**** Raw data
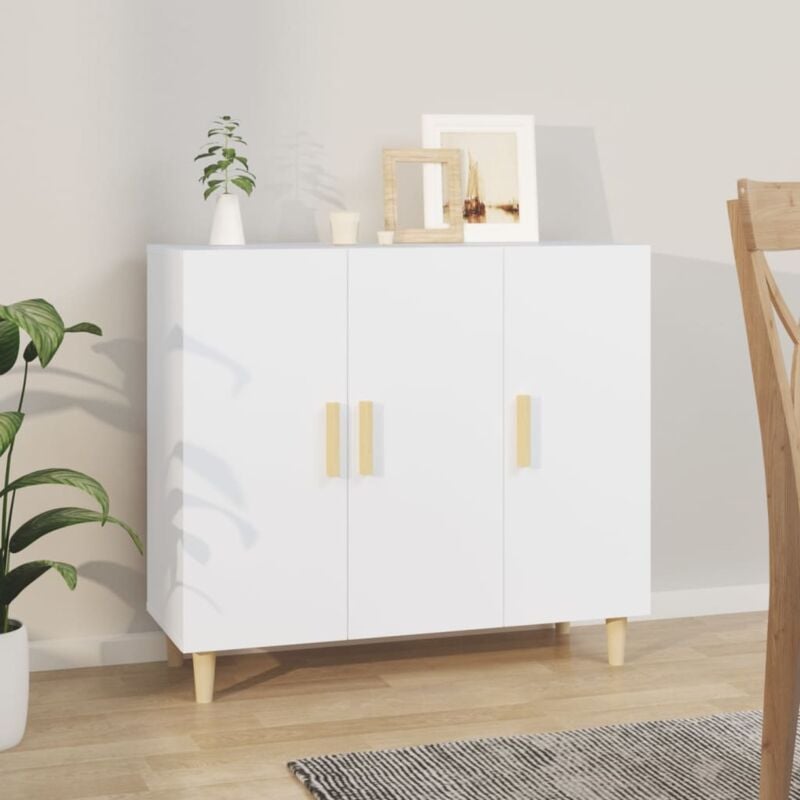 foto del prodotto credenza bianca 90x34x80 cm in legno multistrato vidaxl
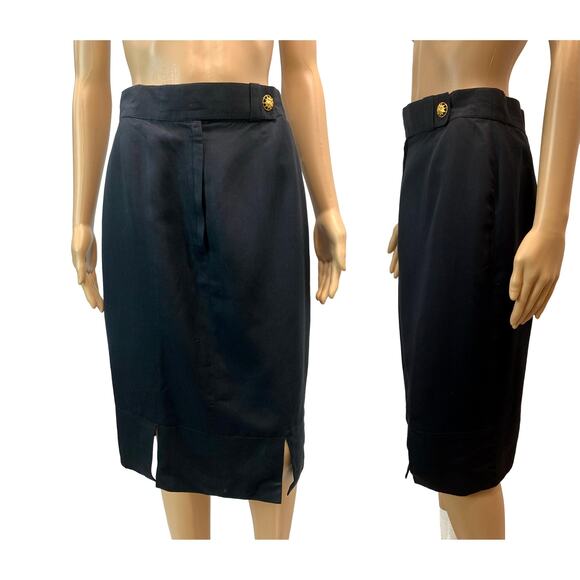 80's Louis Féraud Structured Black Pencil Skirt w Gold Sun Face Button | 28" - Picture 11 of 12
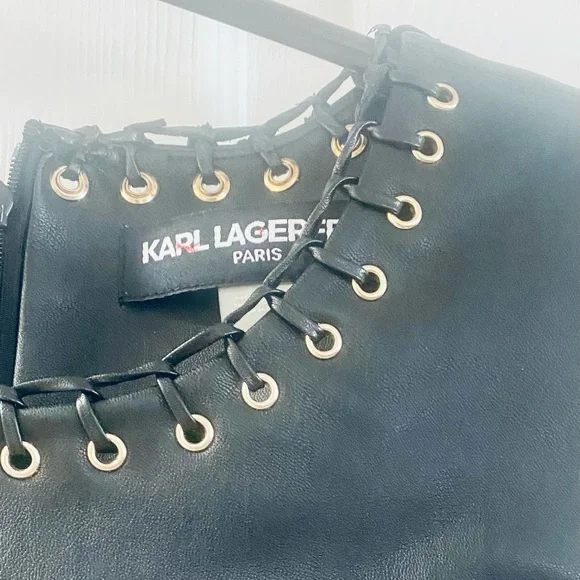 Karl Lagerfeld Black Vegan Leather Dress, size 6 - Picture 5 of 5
********
Quote the material in full and exactly; do not carry over its pictures.

 foto del prodotto credenza bianca 90x34x80 cm in legno multistrato vidaxl
 80's Louis Féraud Structured Black Pencil Skirt w Gold Sun Face Button | 28" - Picture 11 of 12
 Karl Lagerfeld Black Vegan Leather Dress, size 6 - Picture 5 of 5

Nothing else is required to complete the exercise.